Huck's abuse by his father is quite a shocking aspect of the story, although it doesn't actually take up much of the narrative, and Huck himself never really comments on it and relates it quite matter-of-factly.
An example of child abuse in The Adventures of Huckleberry Finn is Huck’s father abandoning his son, and physically abusing him when he is around.
Huck Finn’s father is without a doubt one of the vilest characters in the book. He is a drunkard who only cares about his son when he thinks he can get some money from him. As a result, Huck is mostly homeless and lives under the radar.
Life with Pap was terrible for Huck. His father’s physical abuse was pervasive.
He used to always whale me when he was sober and could get his hands on me; though I used to take to the woods most of the time when he was around. (ch 3, p. 12)
Huck manages to live with the Widow Douglass, partly because Tom Sawyer convinces him. Everything is better, except that Huck has to be civilized, until he finds a footprint with a cross in the heel and he knows it is his father. Huck consults the hairball, but before he knows it his father is sitting on his own bed.
Normally you would think a father would be thrilled to know that his son was well taken care of, and was getting an education and going to church. Pap has the opposite reaction.
You've put on considerable many frills since I been away. I'll take you down a peg before I get done with you. You're educated, too, they say—can read and write.

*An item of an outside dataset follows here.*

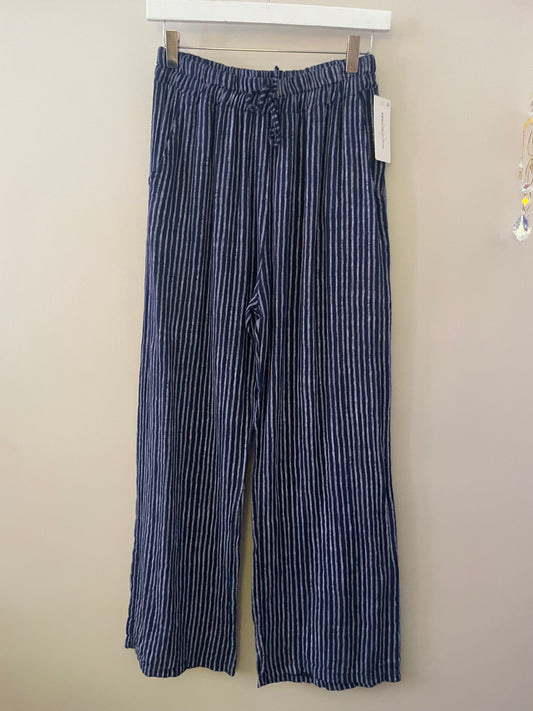 The Maya Cotton Stripe Trousers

You think you're better'n your father, now, don't you, because he can't? (ch 5, p. 17)
Pap’s concern with Huck’s “meddle with such hifalut'n foolishness” is not his main purpose for coming. He has heard that his son has a fortune, a result of the treasure he and Tom found from the gang of robbers. He insists that Huck give it to him and is angry when he can’t.
Huck's father's abuse serves as an explanation of why Huck lives by himself and is not comfortable with the trappings of civilization. He has been raised, if you can call it raising, in a perpetual state of turmoil. As is often the case, meeting the father helps us better understand the son.
Although Pap’s presence in the novel is highly comical when he is not beating Huck, he serves a more significant literary purpose—he is Huck’s impetus to leave. Huck’s father is so abusive that he cannot stay, and so he fakes his own death and takes off down the river.